How to choose Orthopaedic spinal implants

  • Implant material: Spinal implants are made from several materials that provide unique benefits. Titanium is highly biocompatible, non-corrosive, and lightweight, which makes it easy to tolerate by the body, and it's also used for its strength and non-magnetism during radiographic studies. Stainless steel is stronger and more affordable. The titanium alloy contains aluminium and vanadium, which makes it stronger and is used in aerospace engineering. Cobalt-chromium is hard, wear-resistant, and corrosion-resistant. Cages are often made of PEEK polymer that has strength and elasticity, similar to bone, and doesn't trigger metal allergies. Biodegradable implants slowly restore over months or years.

  • Surgical approach: The preferred spinal-veterinary surgery approach will determine the spinal implants used. Anterior approaches use implants like interbody cages, bone grafts, and anterior plates for the anterior column's stability and fusion. Posterior approaches use pedicle screws, rods, and laminectomy grafts for posterior stabilisation and fusion. The combined approach applies different anterior and posterior constructs for extensive deformities.

  • Biomechanical considerations: The biomechanics of the spinal implant and their interaction with the spinal motion segment should be considered and the effects on the adjacent levels. The implants should provide sufficient rigidity at the fusion site to enable the expected load-sharing with minimal motion. In dynamic stabilisation systems, implant allow functional movements, reducing stiffness and preserving adjacent motion for delaying degeneration. Stronger implants withstand the higher demands of the cervical or lumbar regions.

  • Regulatory clearance: Some spinal implants are sought after in multiple markets. Other implants are made locally and need regulatory approval for clearance. The implants are submitted with the data that support the claims to safety, efficacy, and performance. These reports are written following good clinical practices.

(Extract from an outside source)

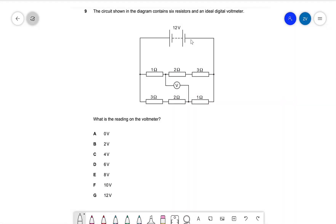Hello everyone, welcome back to Z-Physics. Today we're going to be looking at a very interesting admissions question from the University of Cambridge. This is a question on electrical circuits, and if you're interested in applying for engineering at Cambridge University, have a look at their engineering admissions past papers — I'll leave a link to their website. Let's have a look at this question.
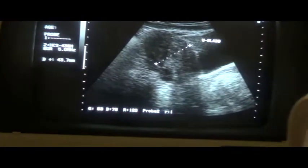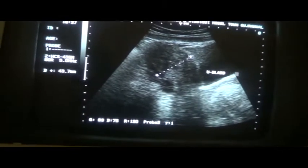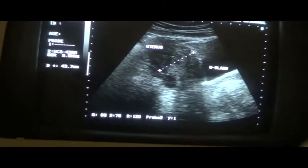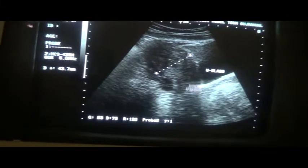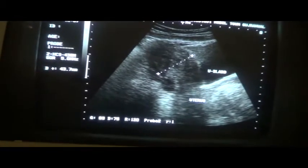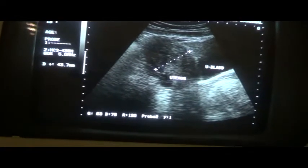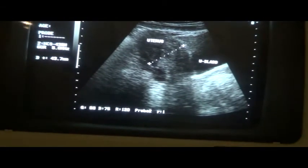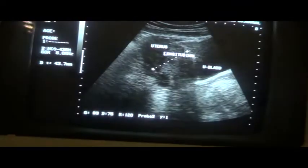This is the urinary bladder. This is the anterior segment of the uterus, posterior segment of the uterus. This is the cervix. This is the vagina. This is the uterus — the myometrium, anterior wall, and posterior wall. This is the longitudinal section.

  • Business policy: Spinal devices manufacturing businesses adopt implants that fit their intended use business and patients' needs. Some manufacturers prefer promoting posterior insurance for intraoperative feasibility. Other companies focus on metaphyseal or epiphyseal fixation of deformity correction.

Q&A

Q1: What happens to spinal implants during metal recycling?

A1: Metal recycling involves the collection and sorting of used spinal implants by type of metal they are made from.

Q2: How are stainless steel implants recycled?

A2: Stainless steel implants are dismantled manually or mechanically to remove non-metal components and obtained using pyrometallurgy, which involves melting in furnaces at high temperatures to retrieve alloying metals like nickel, chromium, and iron, and hydrometallurgy which uses chemical solutions to dissolve and selectively obtain metals.

Q3: What are titanium spinal rods used for?

A3: Titanium rods for spinal surgery are employed to correct spinal deformities and stabilise unstable spinal regions. They offer excellent strength, lightweight, and superior biocompatibility.

Q4: What is the exposure of titanium spinal rods to?

A4: The titanium rods undergo a thorough sterilisation process before implantation, including heat sterilisation.

Q5: What metal is used for magnetic resonance imaging after surgeries involving the spinal hardware system?

A5: The spinal hardware system and implants are embedded using non-ferromagnetic metals like titanium for effective magnetic resonance imaging in the post-operative period.